What you have to do: Given the entries below, would you transcribe exactly the lines starting at the one with "Zara Hombre Pantalones" and ending at the one with "Creative Origami Instructions - werohmedia", both kept, pictures omitted, nothing extra?

[Opening Data for this task section]

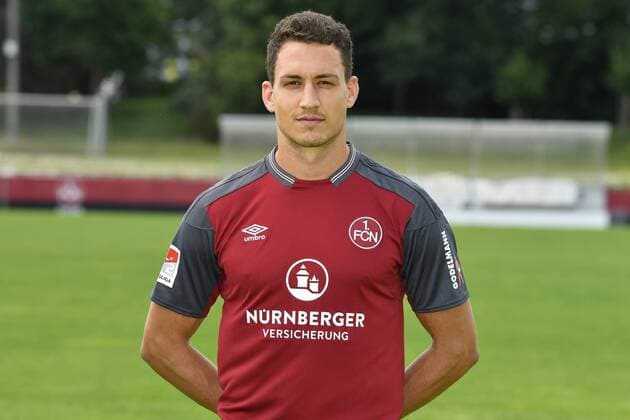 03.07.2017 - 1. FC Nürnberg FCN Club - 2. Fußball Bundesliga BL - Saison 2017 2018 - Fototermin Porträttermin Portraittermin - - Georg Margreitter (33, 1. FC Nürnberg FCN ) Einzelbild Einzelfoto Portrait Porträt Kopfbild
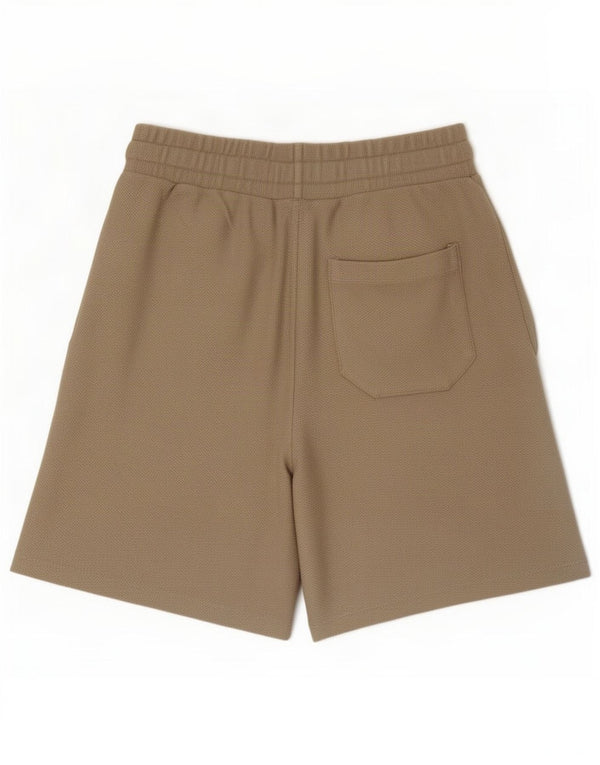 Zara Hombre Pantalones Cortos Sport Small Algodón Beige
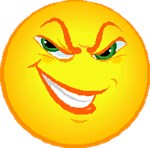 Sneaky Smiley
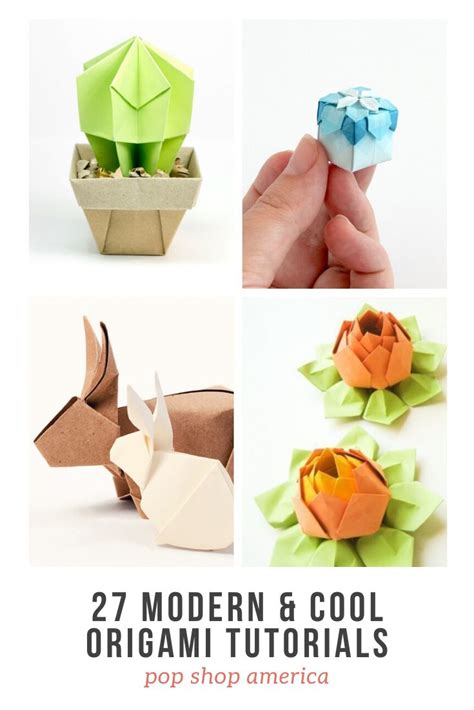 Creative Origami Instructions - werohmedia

[Closing Data for this task section]
[Opening Data for this task section]

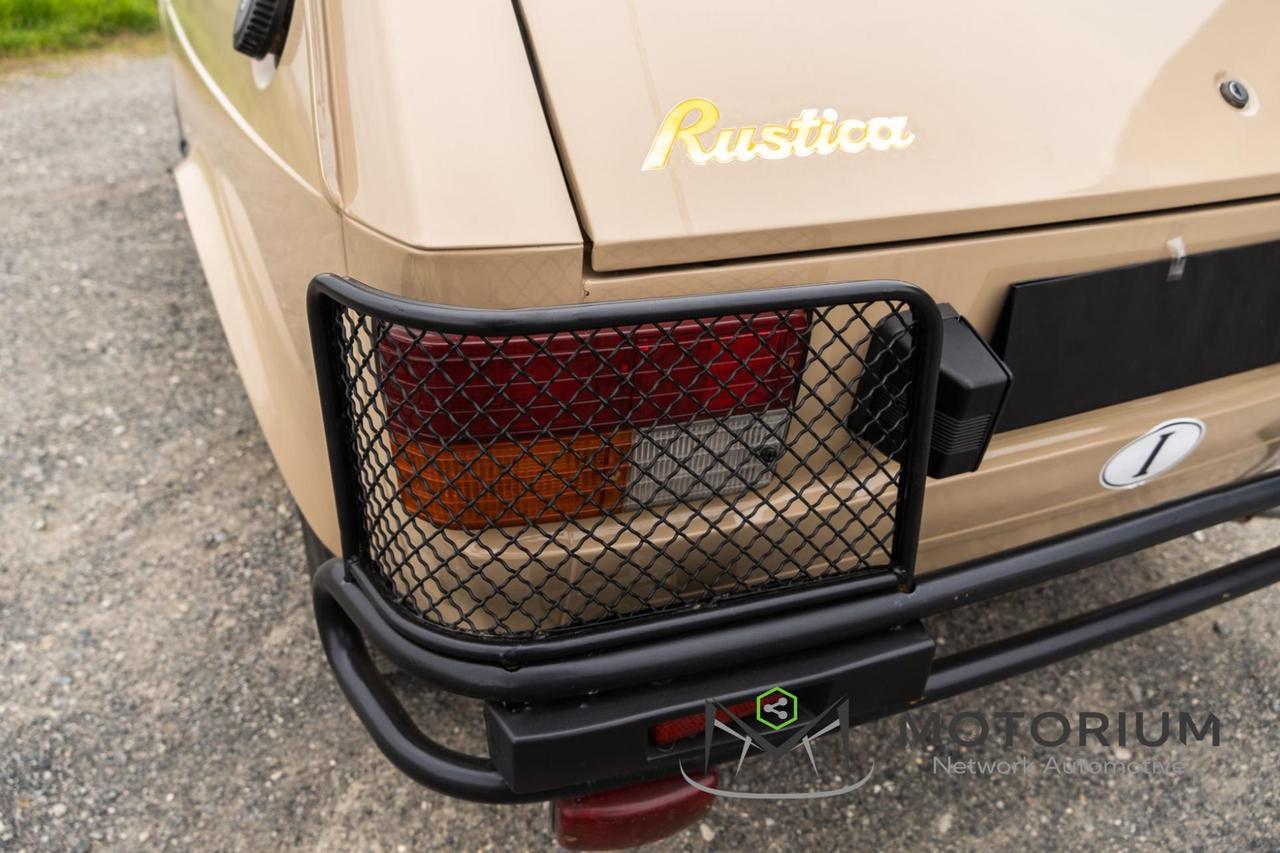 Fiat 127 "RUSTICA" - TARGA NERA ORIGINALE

[Closing Data for this task section]

Answer:
 Zara Hombre Pantalones Cortos Sport Small Algodón Beige
 Sneaky Smiley
 Creative Origami Instructions - werohmedia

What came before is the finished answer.